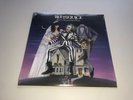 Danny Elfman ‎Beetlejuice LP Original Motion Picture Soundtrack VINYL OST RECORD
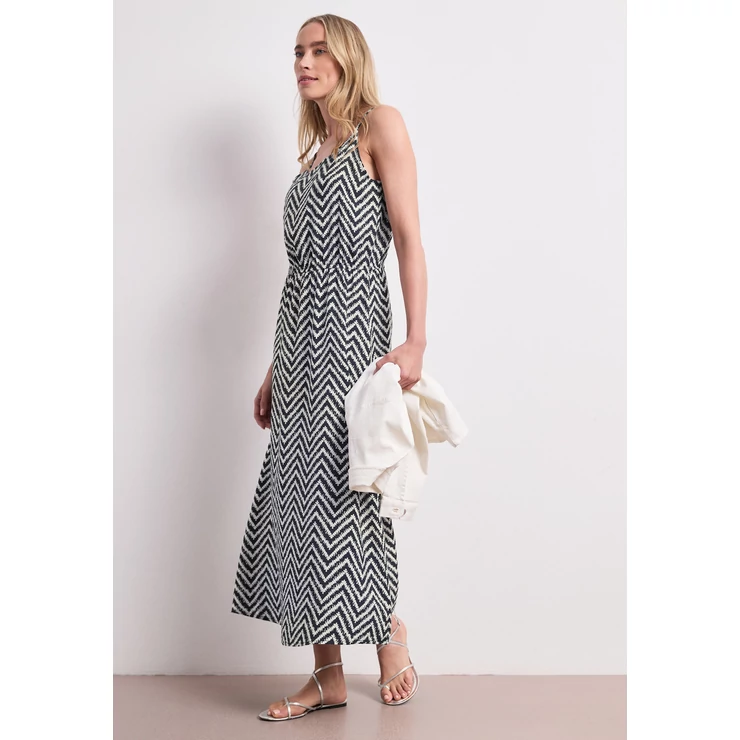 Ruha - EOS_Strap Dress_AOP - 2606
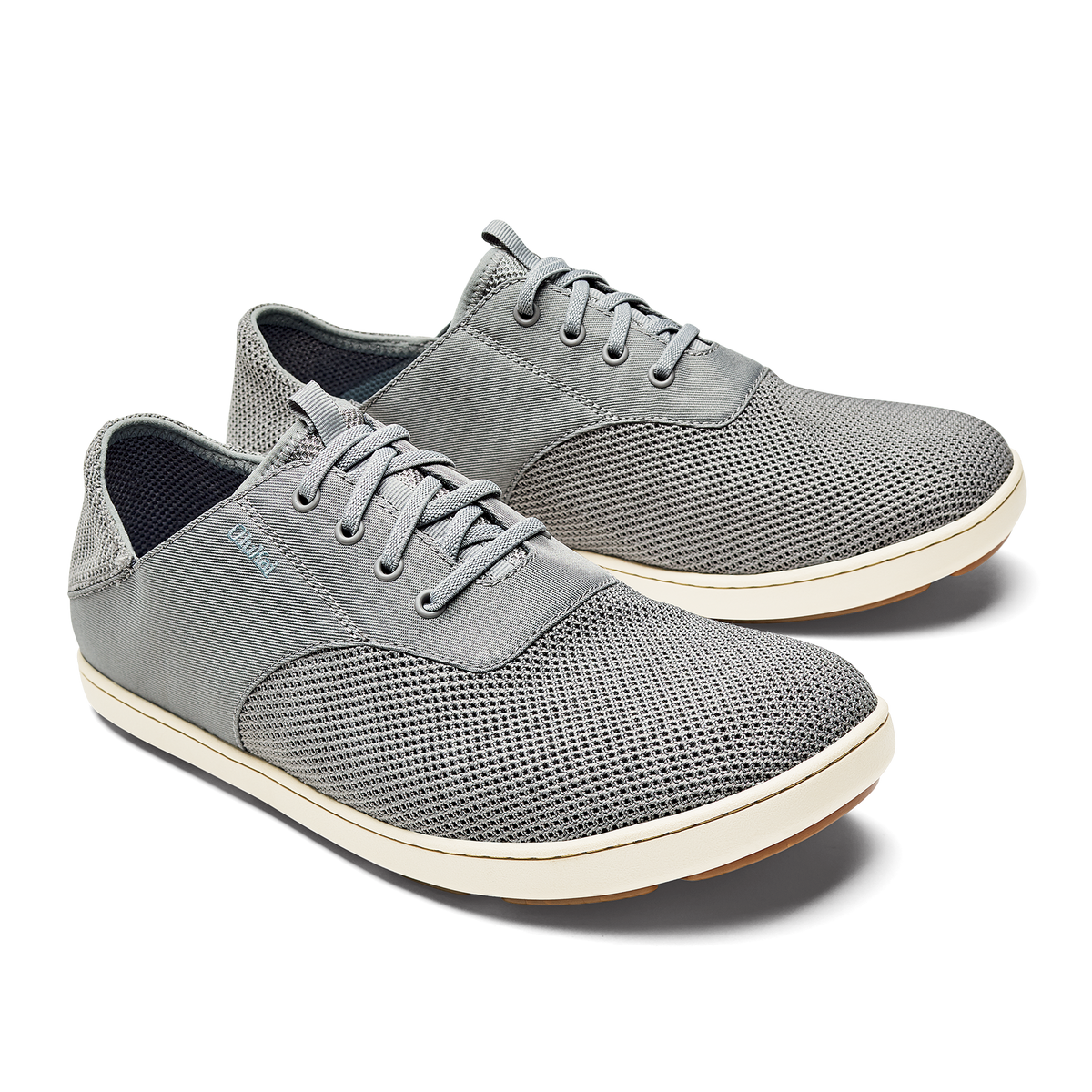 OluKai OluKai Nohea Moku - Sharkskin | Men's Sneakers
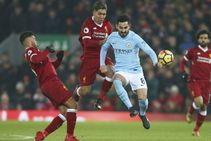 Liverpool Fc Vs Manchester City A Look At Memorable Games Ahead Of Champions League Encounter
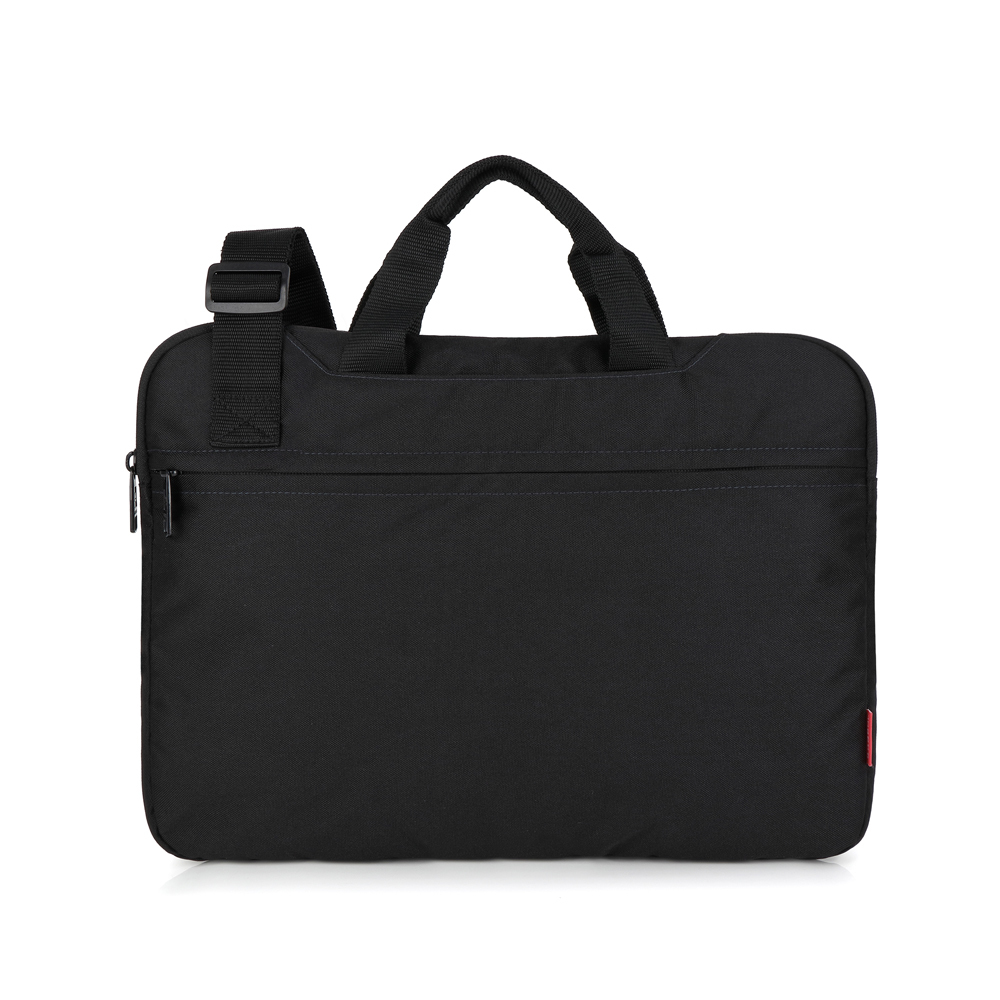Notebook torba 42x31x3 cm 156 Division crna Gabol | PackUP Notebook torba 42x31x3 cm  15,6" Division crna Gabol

---------------

**Your goal:**
Omit the pictures. Transcribe word for word the lines from the one containing "Liverpool Fc Vs" through the end of the listing, inclusive.

**Answer to this exercise:**
 Liverpool Fc Vs Manchester City A Look At Memorable Games Ahead Of Champions League Encounter
Notebook torba 42x31x3 cm 156 Division crna Gabol | PackUP Notebook torba 42x31x3 cm  15,6" Division crna Gabol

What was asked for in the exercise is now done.